Tensors are multi-dimensional generalizations of matrices, and so can have non-numeric entries. Extremely large and sparse coupled tensors arise in numerous important applications that require the analysis of large, diverse, and partially related data. The effective analysis of coupled tensors requires the development of algorithms and associated software that can identify the core relations that exist among the different tensor modes, and scale to extremely large datasets. The objective of this project is to develop theory and algorithms for (coupled) sparse and low-rank tensor factorization, and associated scalable software toolkits to make such analysis possible. The research in the project is centered on three major thrusts. The first is designed to make novel theoretical contributions in the area of coupled tensor factorization, by developing multi-way compressed sensing methods for dimensionality reduction with perfect latent model reconstruction. Methods to handle missing values, noisy input, and coupled data will also be developed.
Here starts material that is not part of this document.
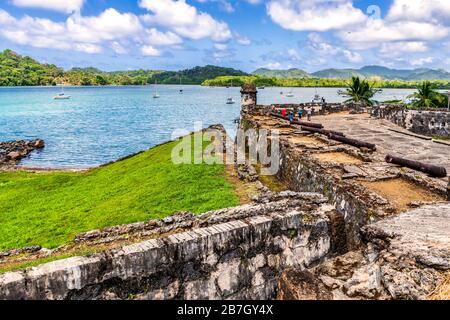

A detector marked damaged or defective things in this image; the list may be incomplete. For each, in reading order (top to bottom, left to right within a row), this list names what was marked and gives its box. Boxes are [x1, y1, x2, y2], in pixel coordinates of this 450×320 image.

rusty cannon barrel [326, 134, 376, 151]
rusty cannon barrel [384, 154, 448, 179]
The second thrust focuses on algorithms and scalability on modern architectures, which will enable the efficient analysis of coupled tensors with millions and billions of non-zero entries, using the map-reduce paradigm, as well as hybrid multicore architectures. An open-source coupled tensor factorization toolbox (HTF- Hybrid Tensor Factorization) will be developed that will provide robust and high-performance implementations of these algorithms. Finally, the third thrust focuses on evaluating and validating the effectiveness of these coupled factorization algorithms on a NeuroSemantics application whose goal is to understand how human brain activity correlates with text reading & understanding by analyzing fMRI and MEG brain image datasets obtained while reading various text passages.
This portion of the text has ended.